Your objective: Each record must be written out again exactly. Skip any picture it contains.

------------------------------

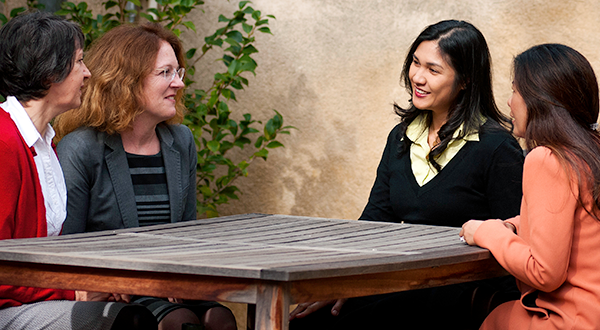 Supportive group of colleagues talking around a table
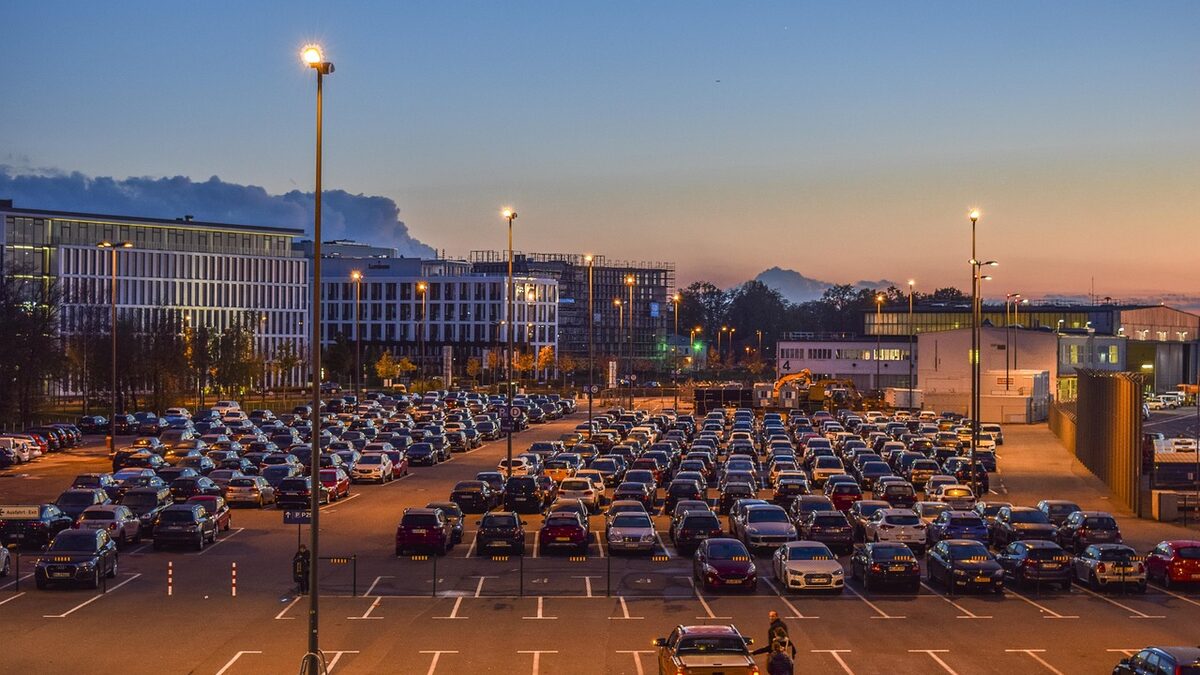 Großer Parkplatz mit dicht belegten Stellplatzreihen, beleuchtet von Mastleuchten in der Abenddämmerung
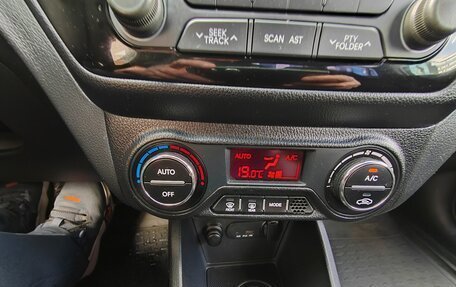 KIA Rio III рестайлинг, 2013 год, 995 000 рублей, 18 фотография
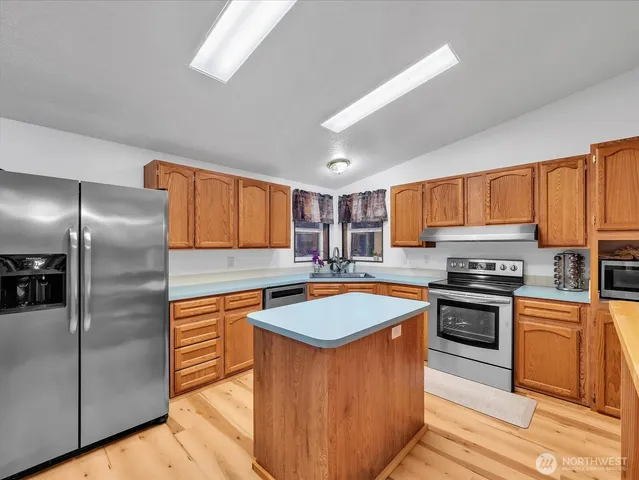a kitchen with stainless steel appliances granite countertop a sink stove refrigerator and cabinets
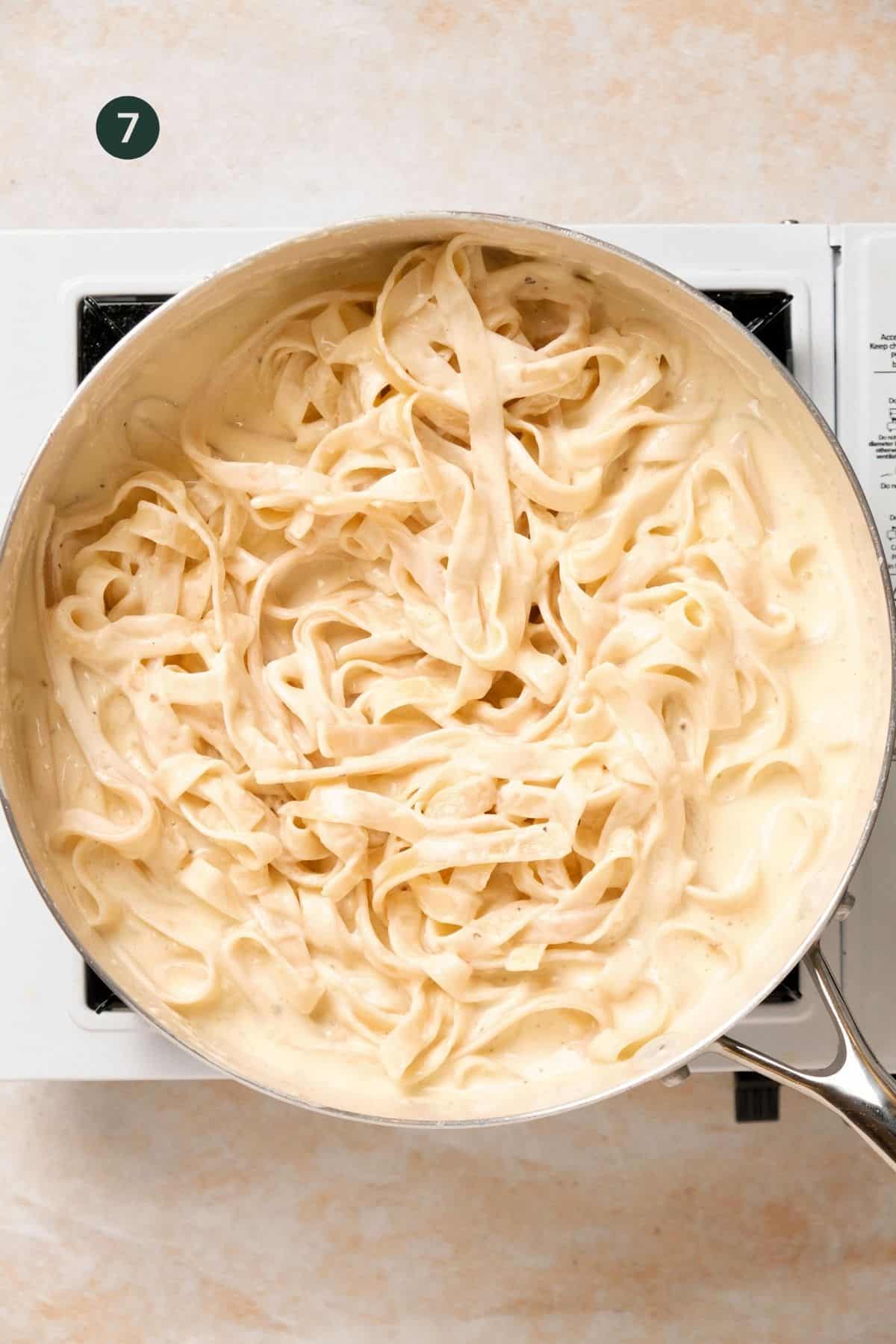 Cooked fettuccine noodles added to alfredo sauce in a skillet.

------------------------------

Response:
 Supportive group of colleagues talking around a table
 Großer Parkplatz mit dicht belegten Stellplatzreihen, beleuchtet von Mastleuchten in der Abenddämmerung
 KIA Rio III рестайлинг, 2013 год, 995 000 рублей, 18 фотография
a kitchen with stainless steel appliances granite countertop a sink stove refrigerator and cabinets
 Cooked fettuccine noodles added to alfredo sauce in a skillet.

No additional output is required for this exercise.